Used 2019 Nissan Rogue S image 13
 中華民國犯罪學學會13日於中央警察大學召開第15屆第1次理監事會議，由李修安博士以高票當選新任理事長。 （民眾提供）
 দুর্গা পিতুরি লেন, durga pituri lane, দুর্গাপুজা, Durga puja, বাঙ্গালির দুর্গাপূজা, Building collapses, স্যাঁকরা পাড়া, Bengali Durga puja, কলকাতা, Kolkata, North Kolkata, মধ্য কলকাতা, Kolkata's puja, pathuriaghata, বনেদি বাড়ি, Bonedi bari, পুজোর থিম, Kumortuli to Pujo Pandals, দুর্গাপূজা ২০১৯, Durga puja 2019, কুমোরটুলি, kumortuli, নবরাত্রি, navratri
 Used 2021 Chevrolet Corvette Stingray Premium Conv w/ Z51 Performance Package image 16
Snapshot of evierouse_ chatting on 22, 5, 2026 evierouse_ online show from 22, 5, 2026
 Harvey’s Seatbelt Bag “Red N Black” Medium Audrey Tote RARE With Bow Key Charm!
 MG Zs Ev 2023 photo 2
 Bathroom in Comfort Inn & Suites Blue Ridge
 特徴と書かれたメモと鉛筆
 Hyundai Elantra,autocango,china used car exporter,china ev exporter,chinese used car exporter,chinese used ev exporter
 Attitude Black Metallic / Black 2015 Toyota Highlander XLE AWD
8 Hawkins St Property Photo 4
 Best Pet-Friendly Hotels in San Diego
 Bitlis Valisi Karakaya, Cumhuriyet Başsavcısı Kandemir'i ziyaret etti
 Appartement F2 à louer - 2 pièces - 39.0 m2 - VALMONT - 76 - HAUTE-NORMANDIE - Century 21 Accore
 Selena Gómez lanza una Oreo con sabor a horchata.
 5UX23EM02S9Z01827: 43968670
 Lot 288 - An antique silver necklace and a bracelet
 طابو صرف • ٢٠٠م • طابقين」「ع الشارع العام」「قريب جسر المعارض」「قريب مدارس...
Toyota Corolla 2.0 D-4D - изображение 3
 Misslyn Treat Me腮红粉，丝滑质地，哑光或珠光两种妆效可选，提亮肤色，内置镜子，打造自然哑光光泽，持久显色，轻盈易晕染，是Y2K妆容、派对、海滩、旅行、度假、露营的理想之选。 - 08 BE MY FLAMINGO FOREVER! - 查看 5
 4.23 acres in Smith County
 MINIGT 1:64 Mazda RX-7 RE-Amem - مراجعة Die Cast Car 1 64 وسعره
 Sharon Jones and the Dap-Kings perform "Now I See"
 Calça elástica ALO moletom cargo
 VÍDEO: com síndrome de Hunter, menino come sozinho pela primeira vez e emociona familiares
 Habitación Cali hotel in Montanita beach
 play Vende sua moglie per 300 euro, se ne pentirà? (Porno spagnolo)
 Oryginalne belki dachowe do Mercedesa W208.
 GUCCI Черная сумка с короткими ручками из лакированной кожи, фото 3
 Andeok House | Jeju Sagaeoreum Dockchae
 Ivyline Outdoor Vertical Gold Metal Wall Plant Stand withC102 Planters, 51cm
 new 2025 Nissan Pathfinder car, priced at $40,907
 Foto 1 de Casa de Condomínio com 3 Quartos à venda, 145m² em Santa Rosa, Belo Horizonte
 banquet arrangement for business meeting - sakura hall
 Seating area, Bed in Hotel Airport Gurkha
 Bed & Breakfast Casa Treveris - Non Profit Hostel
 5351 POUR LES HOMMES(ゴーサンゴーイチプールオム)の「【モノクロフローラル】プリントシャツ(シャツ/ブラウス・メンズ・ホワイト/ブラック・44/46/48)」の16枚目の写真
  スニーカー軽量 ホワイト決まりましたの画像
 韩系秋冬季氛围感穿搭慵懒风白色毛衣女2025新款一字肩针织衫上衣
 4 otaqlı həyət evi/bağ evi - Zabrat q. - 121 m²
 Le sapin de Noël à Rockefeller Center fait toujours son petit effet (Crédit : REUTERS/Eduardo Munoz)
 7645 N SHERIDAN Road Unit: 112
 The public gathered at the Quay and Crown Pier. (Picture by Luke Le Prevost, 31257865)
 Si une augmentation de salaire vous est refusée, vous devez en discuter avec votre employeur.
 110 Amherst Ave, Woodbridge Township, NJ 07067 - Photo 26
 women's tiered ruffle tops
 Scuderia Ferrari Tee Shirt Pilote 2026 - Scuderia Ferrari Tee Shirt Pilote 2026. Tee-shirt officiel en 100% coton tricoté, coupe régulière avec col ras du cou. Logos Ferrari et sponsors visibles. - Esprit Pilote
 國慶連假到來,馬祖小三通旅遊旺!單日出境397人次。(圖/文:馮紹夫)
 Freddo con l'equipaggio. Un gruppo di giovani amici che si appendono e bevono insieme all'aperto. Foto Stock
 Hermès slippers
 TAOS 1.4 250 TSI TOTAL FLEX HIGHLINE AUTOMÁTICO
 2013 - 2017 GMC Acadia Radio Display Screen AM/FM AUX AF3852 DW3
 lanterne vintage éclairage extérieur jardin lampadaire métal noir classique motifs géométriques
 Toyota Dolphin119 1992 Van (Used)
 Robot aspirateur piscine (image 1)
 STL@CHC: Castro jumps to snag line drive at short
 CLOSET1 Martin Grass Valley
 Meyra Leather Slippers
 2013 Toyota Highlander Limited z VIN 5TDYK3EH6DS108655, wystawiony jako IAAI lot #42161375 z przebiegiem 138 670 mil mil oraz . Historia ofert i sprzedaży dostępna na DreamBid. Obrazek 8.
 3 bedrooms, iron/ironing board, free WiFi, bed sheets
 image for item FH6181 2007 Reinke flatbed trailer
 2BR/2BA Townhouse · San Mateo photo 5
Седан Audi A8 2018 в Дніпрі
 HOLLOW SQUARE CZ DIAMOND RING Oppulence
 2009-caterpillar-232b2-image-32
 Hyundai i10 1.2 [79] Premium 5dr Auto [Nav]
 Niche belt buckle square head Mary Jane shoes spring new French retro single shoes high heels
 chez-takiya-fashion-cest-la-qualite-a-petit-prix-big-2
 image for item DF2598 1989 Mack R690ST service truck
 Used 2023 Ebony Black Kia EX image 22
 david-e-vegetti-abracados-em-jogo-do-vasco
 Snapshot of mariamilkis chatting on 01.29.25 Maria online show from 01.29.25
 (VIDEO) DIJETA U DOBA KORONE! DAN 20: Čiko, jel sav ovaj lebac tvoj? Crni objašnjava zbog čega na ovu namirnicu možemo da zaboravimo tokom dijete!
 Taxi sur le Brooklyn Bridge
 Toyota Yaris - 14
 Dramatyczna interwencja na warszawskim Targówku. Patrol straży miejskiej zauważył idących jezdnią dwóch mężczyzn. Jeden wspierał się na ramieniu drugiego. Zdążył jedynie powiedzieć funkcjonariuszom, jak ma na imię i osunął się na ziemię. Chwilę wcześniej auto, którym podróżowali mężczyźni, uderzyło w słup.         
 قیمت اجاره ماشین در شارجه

══════

> [WHAT TO PRODUCE]
Give back the listing exactly, please, from its first line to the line containing "play Vende sua", inclusive, and nothing past that line.

> [ANSWER]
Used 2019 Nissan Rogue S image 13
 中華民國犯罪學學會13日於中央警察大學召開第15屆第1次理監事會議，由李修安博士以高票當選新任理事長。 （民眾提供）
 দুর্গা পিতুরি লেন, durga pituri lane, দুর্গাপুজা, Durga puja, বাঙ্গালির দুর্গাপূজা, Building collapses, স্যাঁকরা পাড়া, Bengali Durga puja, কলকাতা, Kolkata, North Kolkata, মধ্য কলকাতা, Kolkata's puja, pathuriaghata, বনেদি বাড়ি, Bonedi bari, পুজোর থিম, Kumortuli to Pujo Pandals, দুর্গাপূজা ২০১৯, Durga puja 2019, কুমোরটুলি, kumortuli, নবরাত্রি, navratri
 Used 2021 Chevrolet Corvette Stingray Premium Conv w/ Z51 Performance Package image 16
Snapshot of evierouse_ chatting on 22, 5, 2026 evierouse_ online show from 22, 5, 2026
 Harvey’s Seatbelt Bag “Red N Black” Medium Audrey Tote RARE With Bow Key Charm!
 MG Zs Ev 2023 photo 2
 Bathroom in Comfort Inn & Suites Blue Ridge
 特徴と書かれたメモと鉛筆
 Hyundai Elantra,autocango,china used car exporter,china ev exporter,chinese used car exporter,chinese used ev exporter
 Attitude Black Metallic / Black 2015 Toyota Highlander XLE AWD
8 Hawkins St Property Photo 4
 Best Pet-Friendly Hotels in San Diego
 Bitlis Valisi Karakaya, Cumhuriyet Başsavcısı Kandemir'i ziyaret etti
 Appartement F2 à louer - 2 pièces - 39.0 m2 - VALMONT - 76 - HAUTE-NORMANDIE - Century 21 Accore
 Selena Gómez lanza una Oreo con sabor a horchata.
 5UX23EM02S9Z01827: 43968670
 Lot 288 - An antique silver necklace and a bracelet
 طابو صرف • ٢٠٠م • طابقين」「ع الشارع العام」「قريب جسر المعارض」「قريب مدارس...
Toyota Corolla 2.0 D-4D - изображение 3
 Misslyn Treat Me腮红粉，丝滑质地，哑光或珠光两种妆效可选，提亮肤色，内置镜子，打造自然哑光光泽，持久显色，轻盈易晕染，是Y2K妆容、派对、海滩、旅行、度假、露营的理想之选。 - 08 BE MY FLAMINGO FOREVER! - 查看 5
 4.23 acres in Smith County
 MINIGT 1:64 Mazda RX-7 RE-Amem - مراجعة Die Cast Car 1 64 وسعره
 Sharon Jones and the Dap-Kings perform "Now I See"
 Calça elástica ALO moletom cargo
 VÍDEO: com síndrome de Hunter, menino come sozinho pela primeira vez e emociona familiares
 Habitación Cali hotel in Montanita beach
 play Vende sua moglie per 300 euro, se ne pentirà? (Porno spagnolo)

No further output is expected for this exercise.